Amrita Rawat (born 10 August 1958), also known as Shri Amrita Mata ji (by her followers), was a Member of the Legislative Assembly of Uttarakhand, India. Shri Amrita Rawat is married to Shri Satpal Maharaj.

== Political activities ==
- In 1978, Elected as Joint Secretary of Students Union of Degree College for Girls, Kanpur.
- In 2002, Shri Amrita Rawat entered active politics during the first elections of Uttarakhand Legislative Assembly as an Indian National Congress candidate. She, Won the election (from Bironkhal, Garhwal Seat) with record votes.
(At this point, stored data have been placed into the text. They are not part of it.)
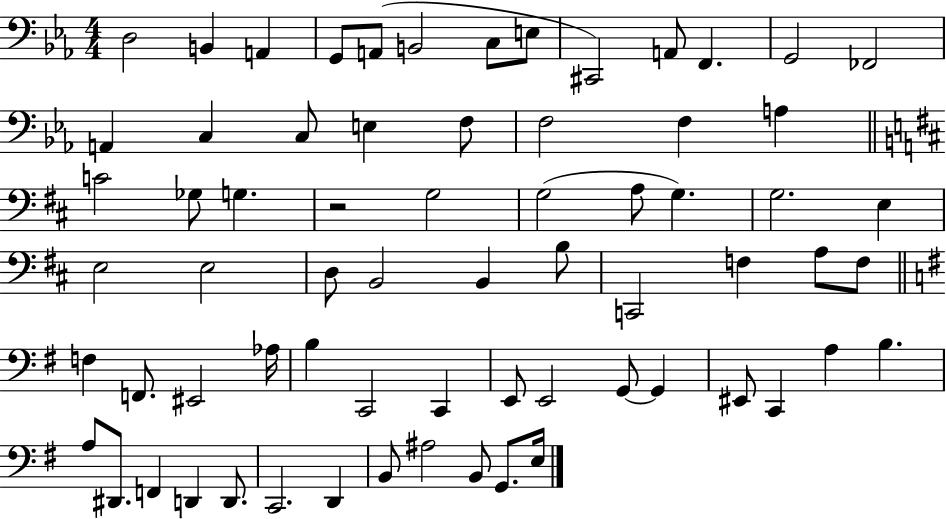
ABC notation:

X:1
T:Untitled
M:4/4
L:1/4
K:Eb
D,2 B,, A,, G,,/2 A,,/2 B,,2 C,/2 E,/2 ^C,,2 A,,/2 F,, G,,2 _F,,2 A,, C, C,/2 E, F,/2 F,2 F, A, C2 _G,/2 G, z2 G,2 G,2 A,/2 G, G,2 E, E,2 E,2 D,/2 B,,2 B,, B,/2 C,,2 F, A,/2 F,/2 F, F,,/2 ^E,,2 _A,/4 B, C,,2 C,, E,,/2 E,,2 G,,/2 G,, ^E,,/2 C,, A, B, A,/2 ^D,,/2 F,, D,, D,,/2 C,,2 D,, B,,/2 ^A,2 B,,/2 G,,/2 E,/4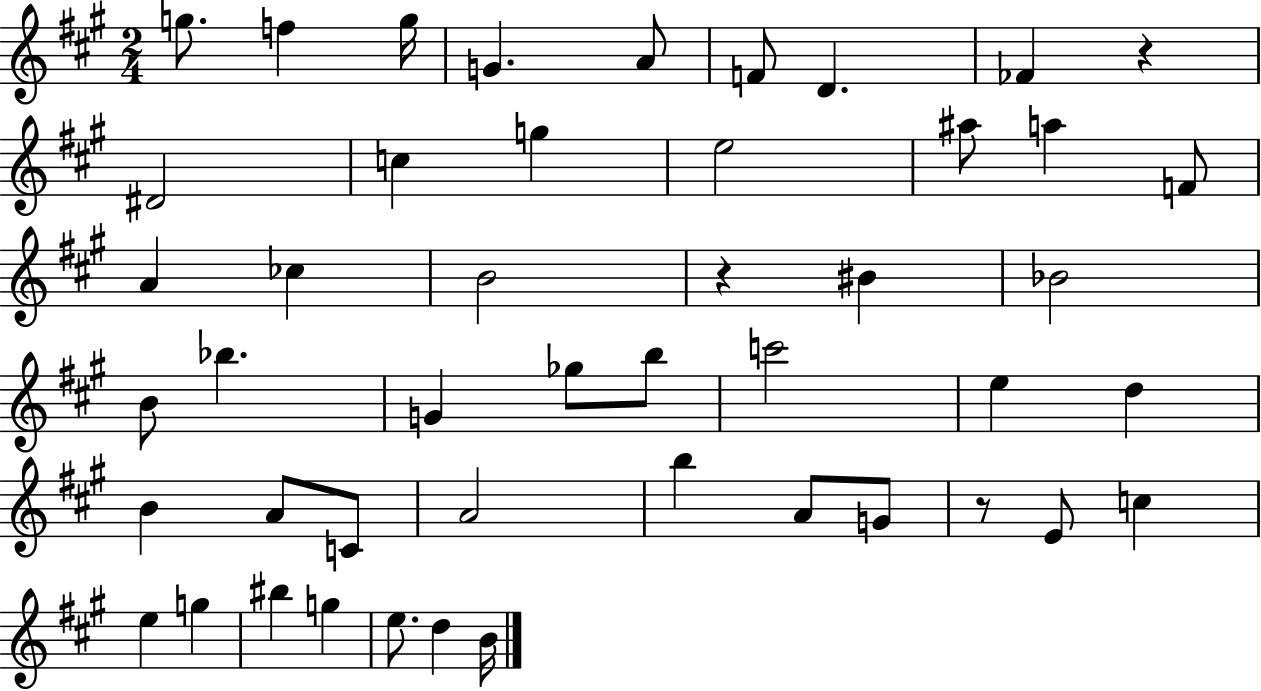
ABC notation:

X:1
T:Untitled
M:2/4
L:1/4
K:A
g/2 f g/4 G A/2 F/2 D _F z ^D2 c g e2 ^a/2 a F/2 A _c B2 z ^B _B2 B/2 _b G _g/2 b/2 c'2 e d B A/2 C/2 A2 b A/2 G/2 z/2 E/2 c e g ^b g e/2 d B/4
She was made the Minister of state with important portfolios like Energy, Women Empowerment, Irrigation and Child Welfare.
- In 2007, she was elected for the second time as MLA from Bironkhal Constituency.
- In 2012, again was elected from Ramnagar Assembly Constituency and continued as a cabinet minister with portfolios like Tourism, Horticulture, Culture, Alternative Energy, Child Welfare and Women Empowerment in state of Uttarakhand.
- In 2012, Shri Amrita Rawat was looking after alternative energy and tourism ministry of Uttarakhand. until in May 2014, when Harish Rawat dismissed Shri Amrita Rawat because her husband Shri Satpal Maharaj quit Indian National Congress and joined Bharatiya Janata Party
- On 18 May 2016, Amrita Rawat Joined Bharatiya Janata Party quitting Indian National Congress.

== Role in stabilization of Uttarakhand during hardship ==
- In 1989, she helped the victims of land slides and flood in the valley of Pinder in Chamoli District of Uttarakhand.
- In 1990, she helped the sufferers of heavy rains in Neelkanth.
- In 1991, she helped the victims of the most destructive earthquake in Uttarkashi, Tehri, Rudraprayag and Chamoli districts by opening relief camps for the people living under the sky, by providing them with food articles, blankets, trampolines, medicines and free medical camps.
- In 1994, she participated in the movement for formation of separate Uttarakhand State and joined as a padyatri with Shri Satpal Maharaj in the Shrandhanjai Padyatra from Gopeshwar to Narsan. She stood with the people who participated in the movement which showed her commitment to the formation of separate Uttarakhand.
- In 1998, she helped the sufferers of ruinous landslides in Ukhimath.
- In 1999, she helped the victims of the most catastrophic earthquake in the district Chamoli showing her spirit of helping the affected victims of the natural disaster.

Shri Amrita Rawat along with Shri Satpal Maharaj and Manav Utthan Sewa Samiti have helped the people as a representative of the people of la India.

== Awards and recognition ==
- She had also been selected for the best MLA in 2011
- Kumaon Hills won the Award for "Best Mountain/Hill destination in India", by CNBC travel awards in 2012, under the leadership of Shri Amrita Rawat as she was Tourism minister of the state, she received the award for the state.